I can assure you when I was tooling around the U.K.’s Peak District in my leased Vauxhall some 20 years ago, peak oil was not on my mind. Nor were electric vehicles.
How the scenery changes.
General Motors sold Vauxhall to Peugeot in 2017 – all part of the inexorable churn of the auto industry, or in prettier PowerPoint parlance: the reimagining of the transportation ecosystem landscape.
The American landscape remains dominated by the century-old behemoths General Motors and Ford. Their ecosystems and revenues are dominated by sport utility vehicles and pickups. Sedans aren’t doing so well these days. How imaginative.
Yet Mary Barra, CEO of GM, and Ford CEO Jim Hackett are now taking decisive action that presages a new era, one in which the internal combustion engine is mothballed. You can almost hear the bugle playing taps at auto plants the world over – payrolls slashed to the tune of more than 55,000 jobs this year, and the reimagining has just begun.
The timing of Lee Iaccoca’s death has a metaphorical dimension. An era has passed.

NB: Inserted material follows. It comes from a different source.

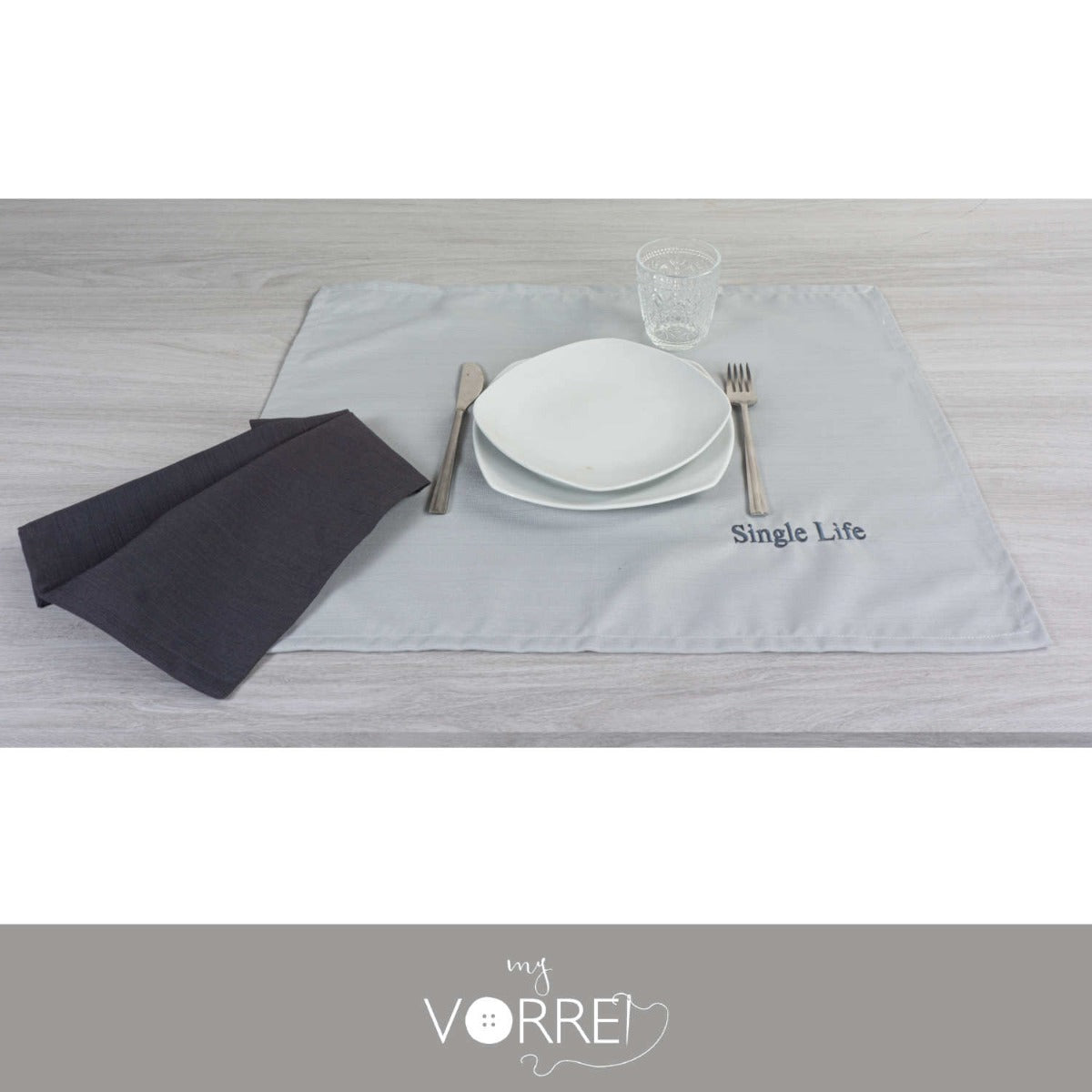 Sottopiatto Ricamato Idea Regalo per Single con tovagliolo abbinato sottopiatto cm 45x60 tovagliolo cm 35x35 in tessuto antimacchia Colore Grigio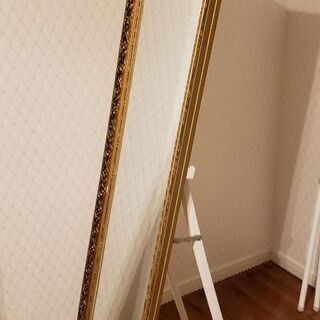 アンティークなスタンドミラーの画像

Tim O’Hara keenly sensed that passing. He had worked the assembly line at GM’s Lordstown, Ohio, plant for the last 41 years. “Given the trajectory of where things are going, it is time to quit being nostalgic about the past and organize for the future with whatever economic world we have,” O’Hara said.
Or as his fellow ex-employee and third-generation GMer, Chuckie Denison, puts it, “I’m tired of chasing GM, I’m not letting GM dictate what I do for the rest of my life.”
There is a painful side to this reimagining, the upheaval of communities like Lordstown. The pink slips aren’t confined to their 1,600 GM employees – there are thousands more who are suppliers, retailers on main street, and local government workers who will not be “chasing GM” any longer.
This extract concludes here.